I’m rereading The Dead Zone. In fact I had the fleeting thought of rereading every King book and doing it in order of their publication date. I have many of them. But I decided to start this process with The Dead Zone, mainly because King calls the book one of his favorites. While reading it part of my brain is amazed that he writes “unnecessary” details—unnecessary, the reader may think, to the story. But in this second reading (and after listening to the author read On Writing for the umpteenth time), I’m aware of how necessary those details are. The devil is in the details, my friend, and in King’s stories “the devil” could be just that, “the devil” or it could be the way the reader becomes attached to the characters, in the details. Do I really need to know that Johnny Smith greets his date in a Jekyll and Hyde mask? Is that mask important in the rest of Johnny’s story. Damn straight it is.
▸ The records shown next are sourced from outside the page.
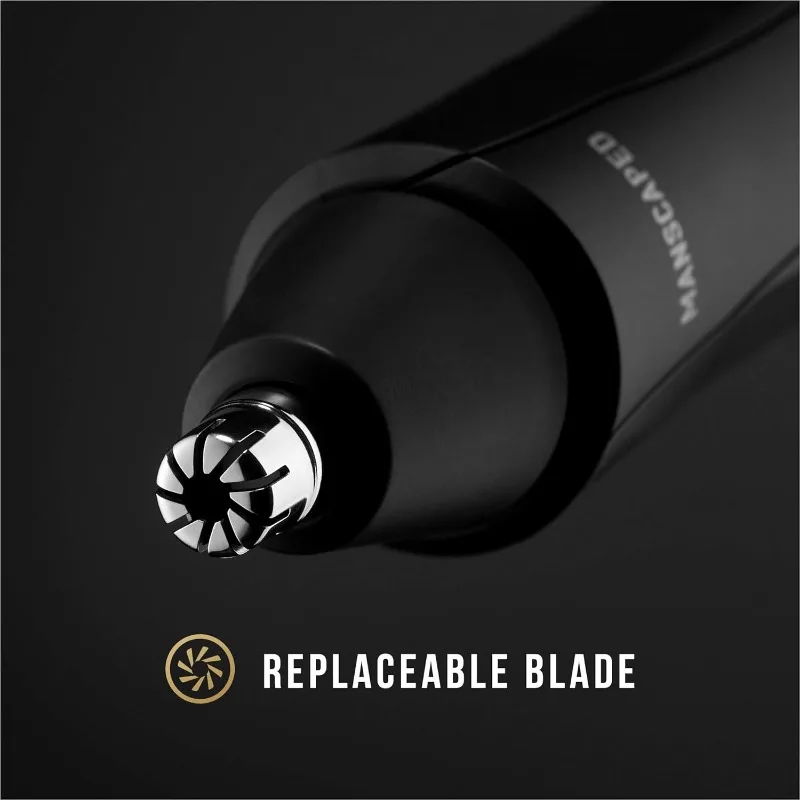 MANSCAPED™ The Weed Whacker™ Nose and Ear Hair Trimmer – 9,000 RPM Precision Tool with Rechargeable Battery, Wet/Dry, Easy to 4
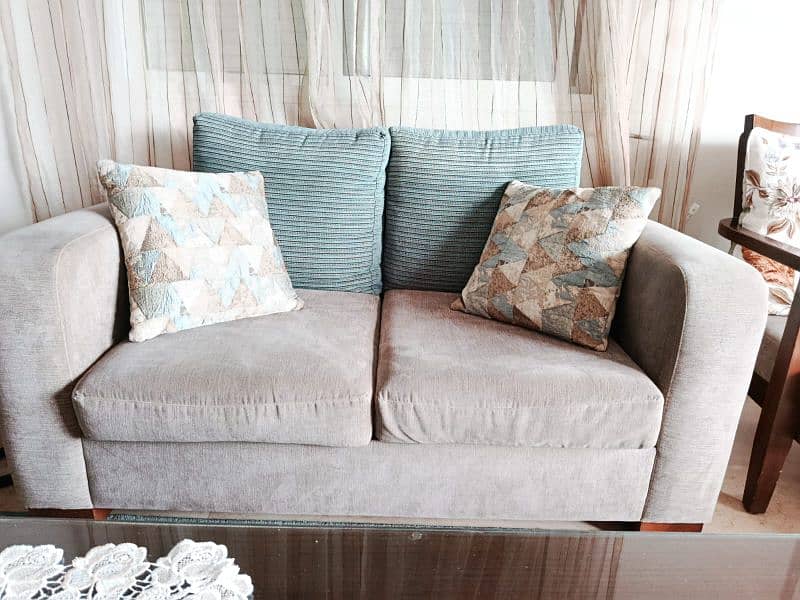Living room sofas, tables, carpet and chadelier 7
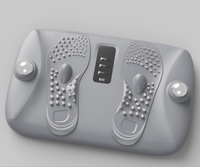 Masseur de pieds innovant à acupuncture EMS avec billes roulantes, rechargeable par USB, contrôle du temps, soulagement du stress, protection sportive efficace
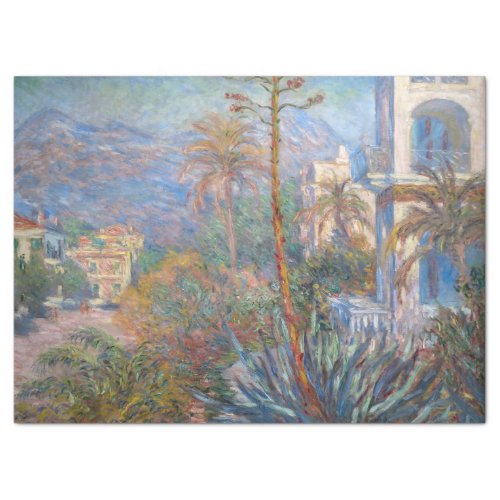 Claude Monet _ Villas at Bordighera Tissue Paper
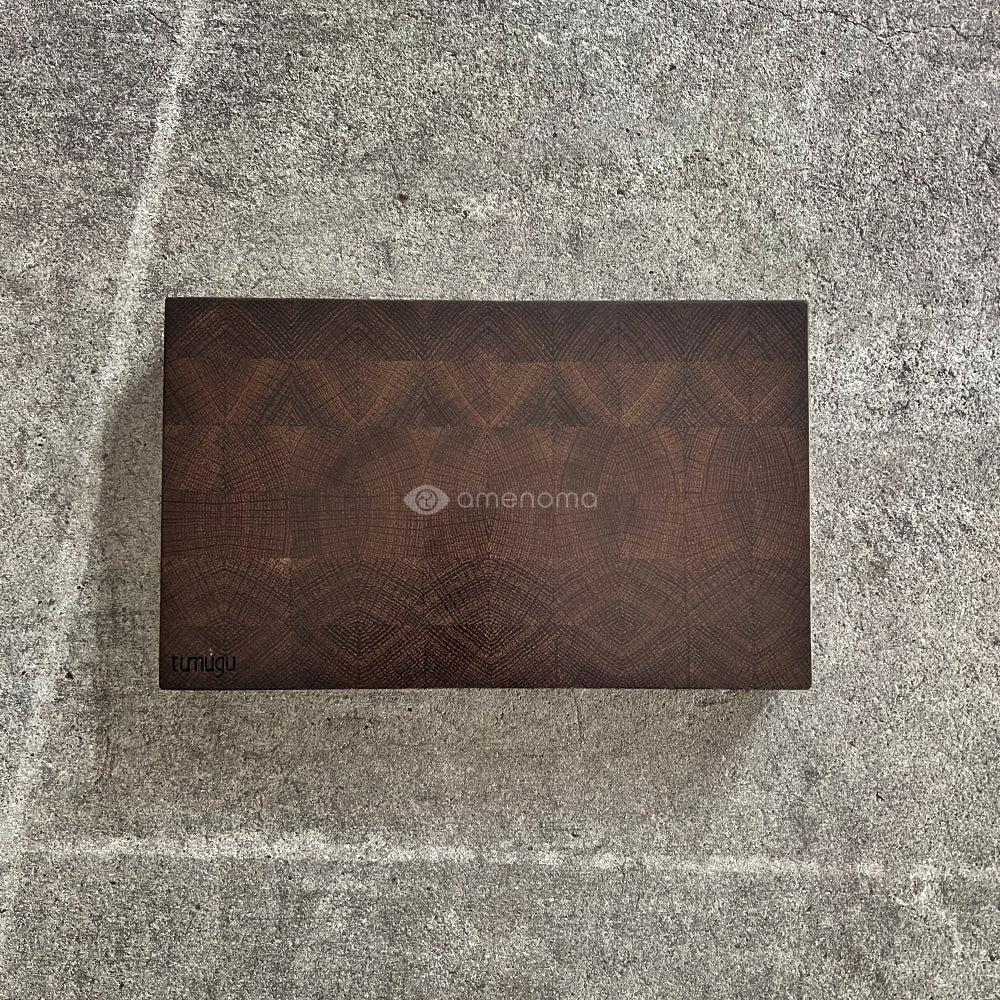 tumugu endgrain cutting board スモークドオーク S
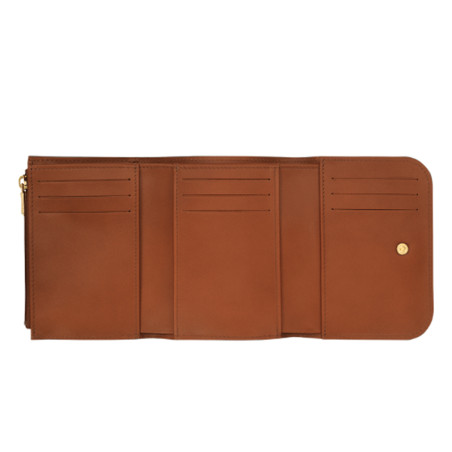 Longchamp Box-Trot portefeuille Cognac intérieur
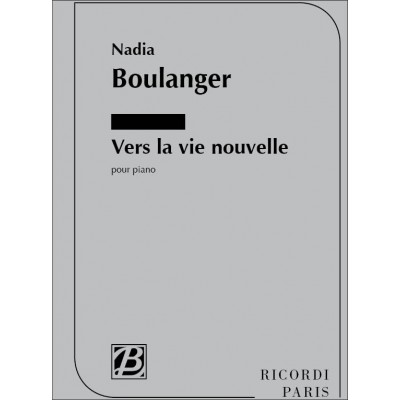 Vers La Vie Nouvelle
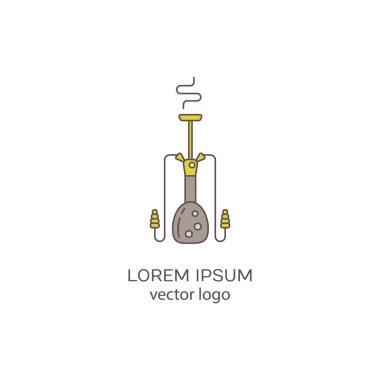 Nargile logo şablonu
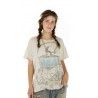 T-shirt Cali Surfs Up in Moonlight Magnolia Pearl - 6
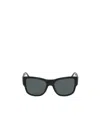 Versace Oversized Sunglasses In Black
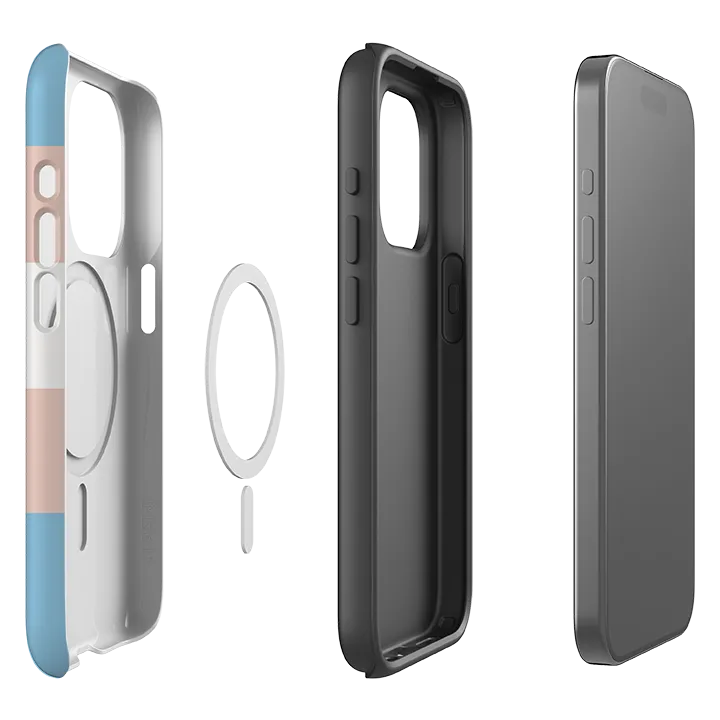 Smooth Pattern Finish Matte Look Finish iPhone MagSafe Tough Case -  Copenhagen Chroma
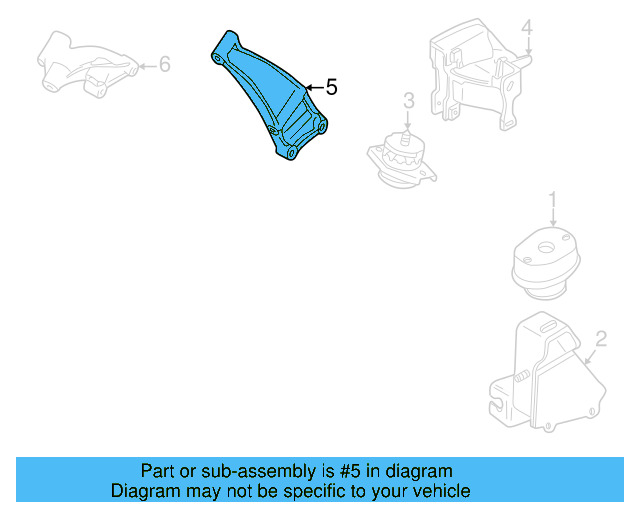 Rear Bracket Bracket 02G-409-905 - View 3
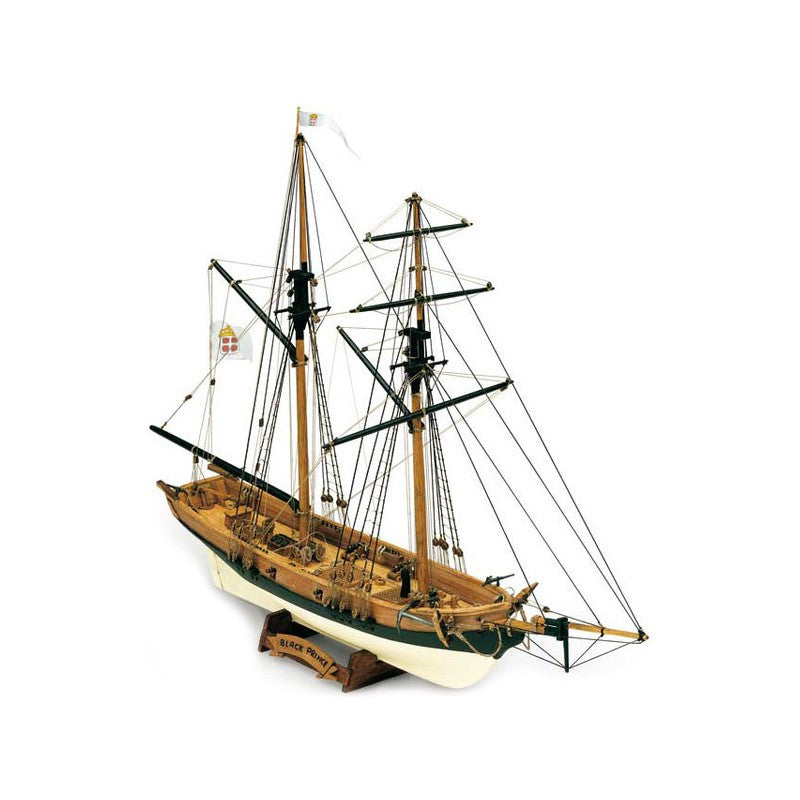 Model Shipways/Mamoli - Black Prince 1:57 Privateer  - Ben Franklin's Black Fleet -  Plank-On-Frame Model Ship Kit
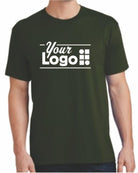 Port & Company S/S Cotton Custom T-Shirt, color: Olive
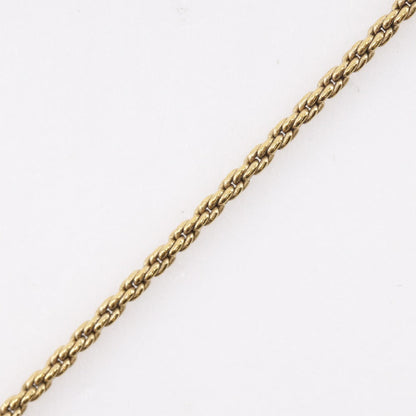 CHANEL Necklace Plated Gold gold vintage COCO Mark Women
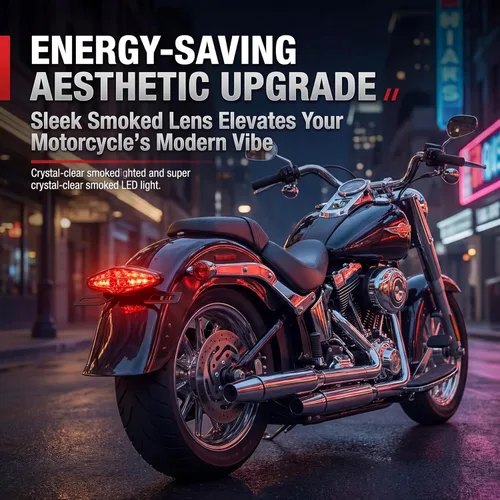 Miniatura 4 de Luz trasera universal de 15 LEDs para motocicleta, luz de freno con soporte de placa compatible con Honda Yamaha Suzuki para Street Bike Sport Bike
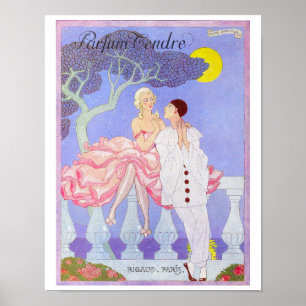 Affiche Pafum Tendre par George Barbier
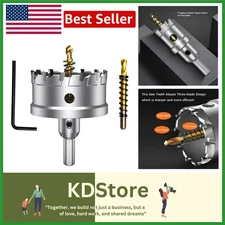 Tungsten Carbide Tipped Hole Saw Kit for Hard Metals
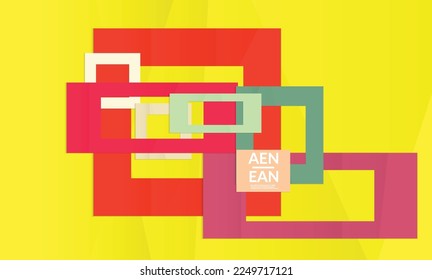 Abstract vector cover template with folded paper overlapping geometric shapes. Environmental design with cut out geometric objects made of recycled reused paper. Top view geometric pattern.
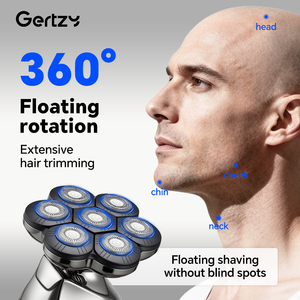 Seven-Blade Multi-Functional 5-in-1 Rotary <b>Shaver</b> for Men IPX5 Waterproof Li-Ion Battery USB Charging <b>Face</b> Hair Cutting Machine - Product Image 5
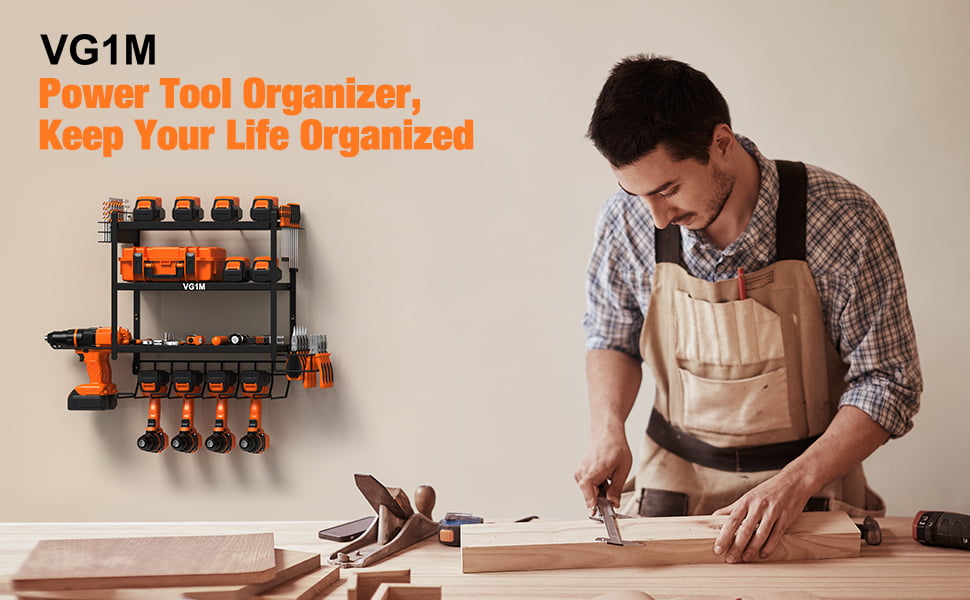 drill storage rack wall mount,power tool organizer with charging station,drill organizer 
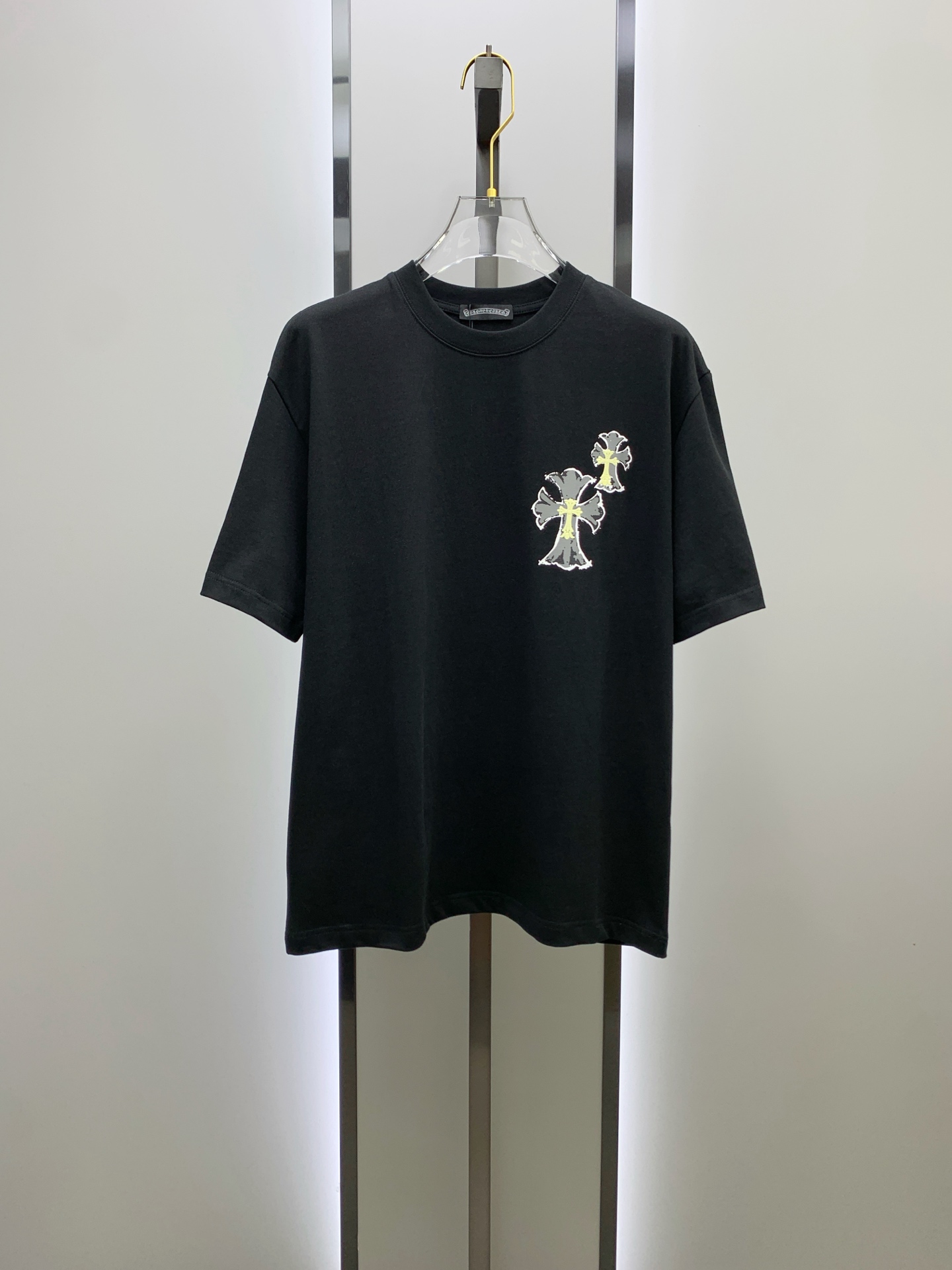 ss克罗心纯棉最新面料经典标识图案logo时尚简约潮流短袖，最顶级的品质专柜原单短袖，顶级制作工艺进口面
King is setting something up and doing it skillfully, maybe without even knowing it when he wrote it.

Because that’s what happens to real writers. Stuff gets written and the real writer sometimes doesn’t even know how it happens. King calls it (for him), “the boys in the basement”—letting the muse take hold of you. I call it fermenting. I think about a story, a concept, or the story that I’m working on and let my “girls in the basement” take over.

So for writers who say about King’s books, I would never read “that stuff”: Good for you. And too bad for you. You’re missing out reading a master-story-teller and teacher. However, read or listen to (I would advise listen to and at least yearly) On Writing.

No matter what your genre you can learn from this writer—probably the best of his/my generation.